> **What you will do**
The records below must be reproduced exactly, excluding any pictures.
# # # #
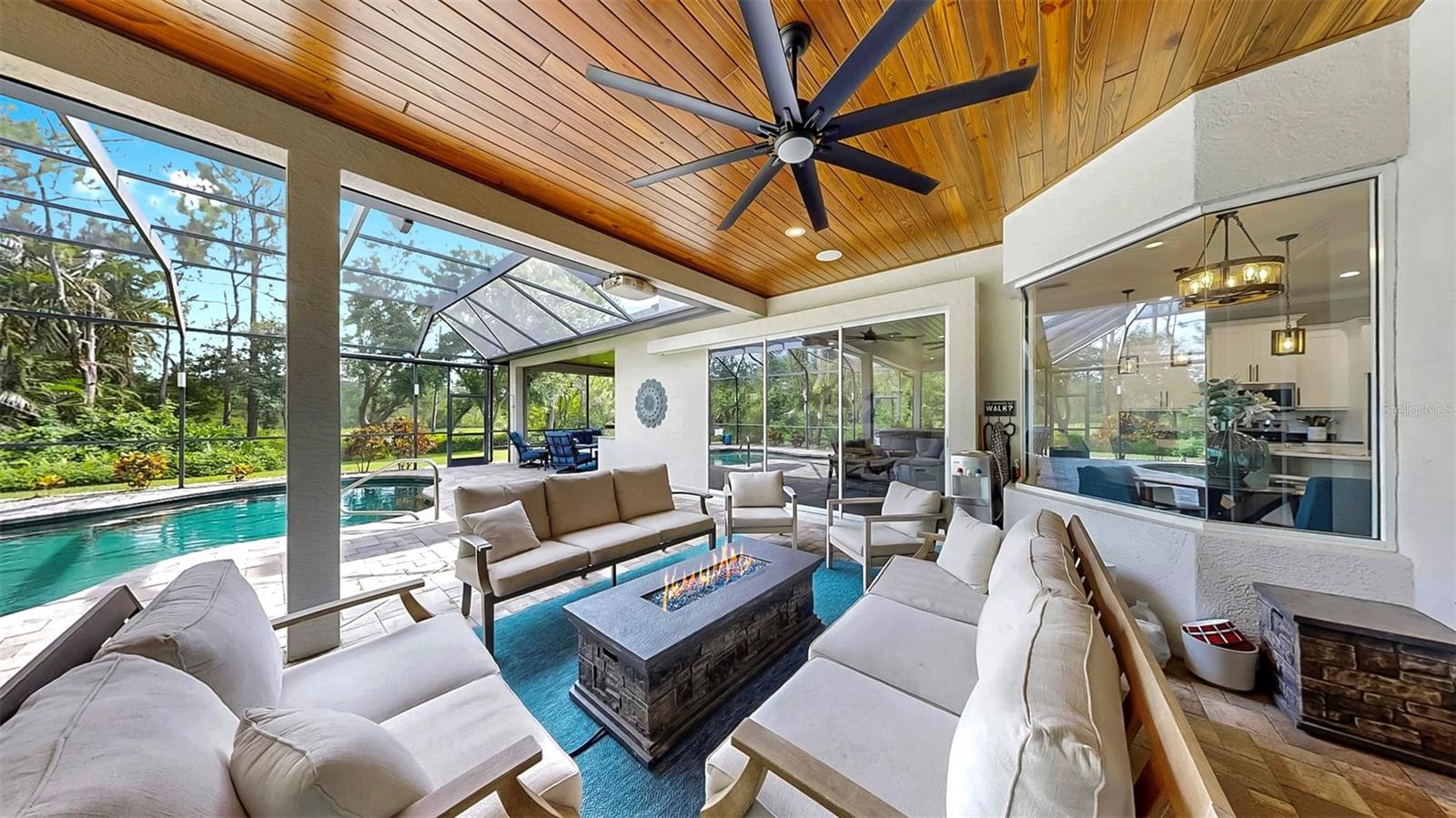 21803 DEER POINTE CROSSING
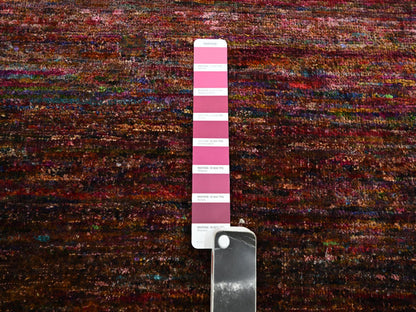 Modern / Contemporary hand-knotted sari silk rug in Red, 3'11" x 5'8" — SKU O075656 (view 4)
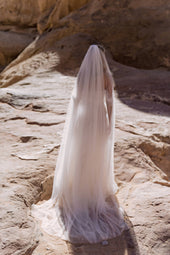 Long veil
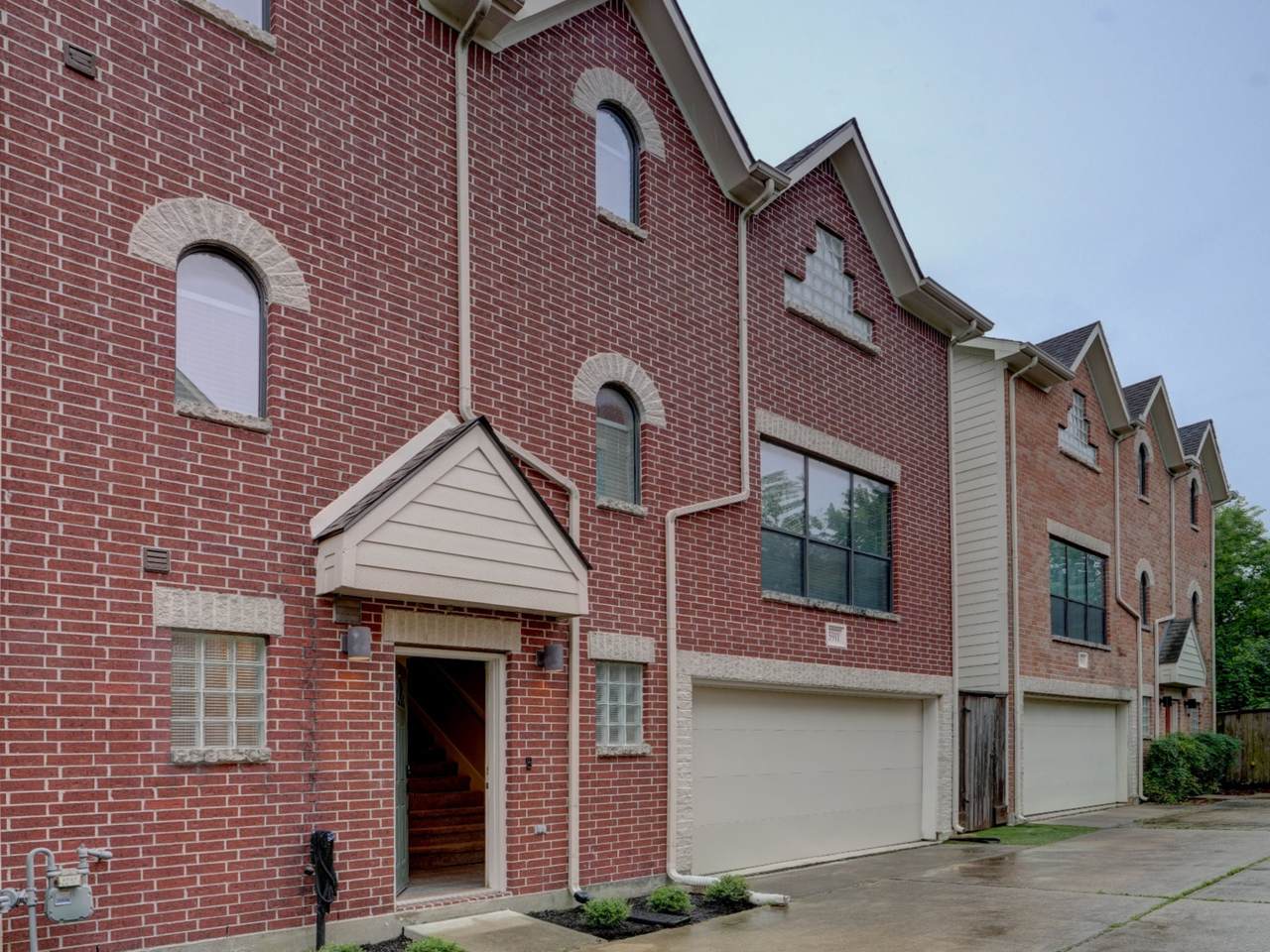 5911 Petty Street - Photo 1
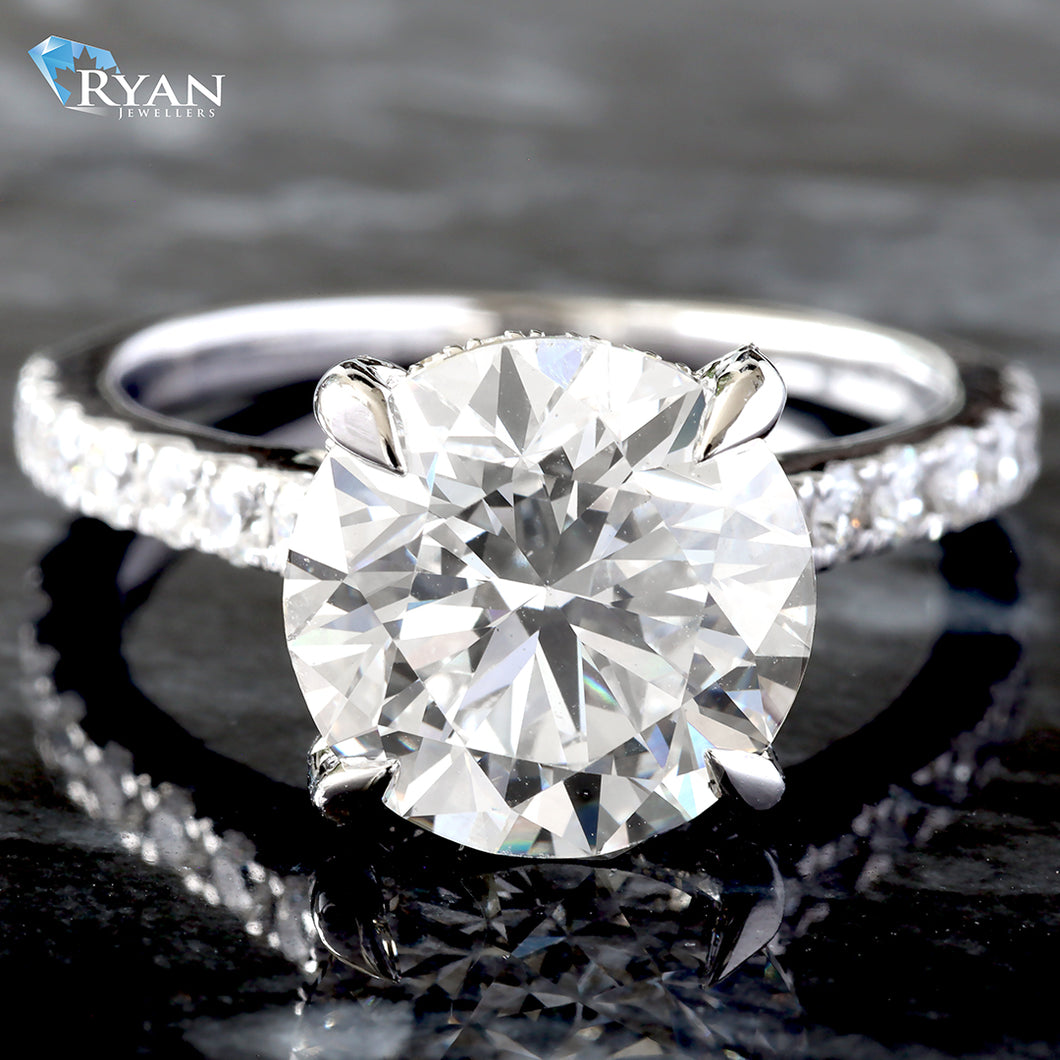 4.70CTW Round Brilliant Solitaire with Diamond Pave Shoulders Ring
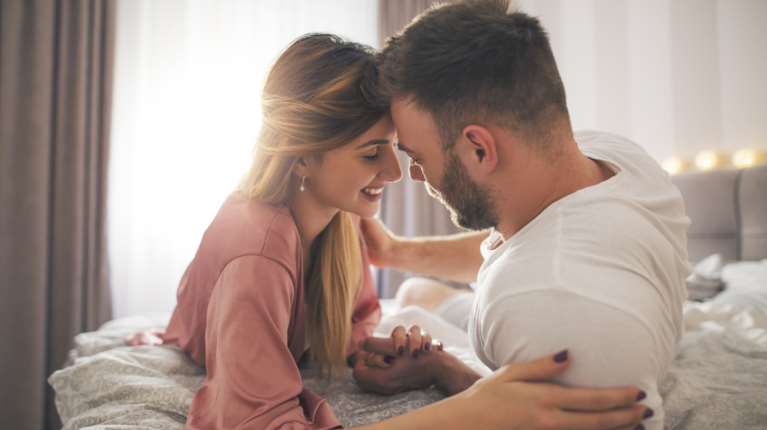 Το 2026 φέρνει ξεκαθαρίσματα... στον έρωτα – Τι δείχνουν τα άστρα για κάθε ζώδιο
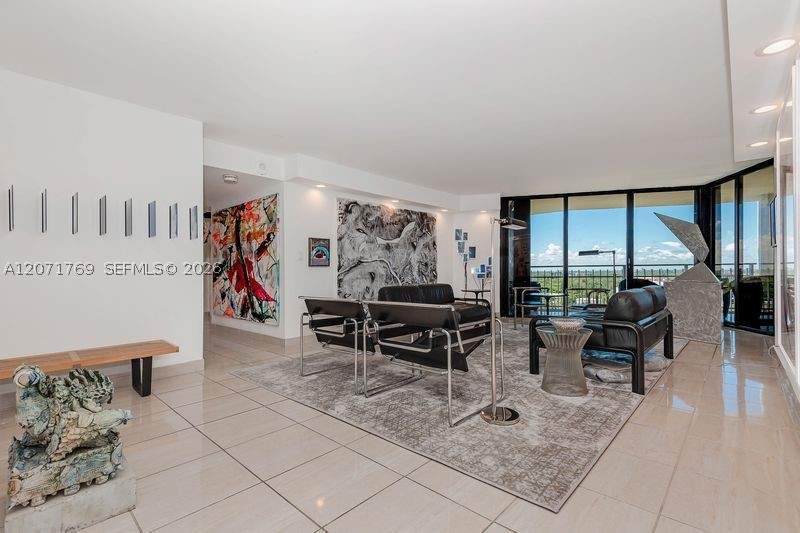 3 bedroom Condominium at 1000 Quayside Terrace 1901, Towers Of Quayside Condo, Miami — photo 2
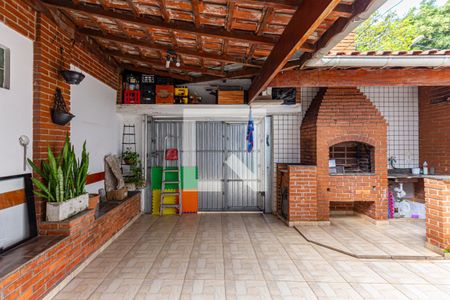 Casa à venda com 209m², 3 quartos e 4 vagas Casa à venda com 209m², 3 quartos e 4 vagasQuintal / Garagem Fundos / Área do Churrasco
# # # #
> **Response below**
 21803 DEER POINTE CROSSING
 Modern / Contemporary hand-knotted sari silk rug in Red, 3'11" x 5'8" — SKU O075656 (view 4)
 Long veil
 5911 Petty Street - Photo 1
 4.70CTW Round Brilliant Solitaire with Diamond Pave Shoulders Ring
 Το 2026 φέρνει ξεκαθαρίσματα... στον έρωτα – Τι δείχνουν τα άστρα για κάθε ζώδιο
 3 bedroom Condominium at 1000 Quayside Terrace 1901, Towers Of Quayside Condo, Miami — photo 2
 Casa à venda com 209m², 3 quartos e 4 vagas Casa à venda com 209m², 3 quartos e 4 vagasQuintal / Garagem Fundos / Área do Churrasco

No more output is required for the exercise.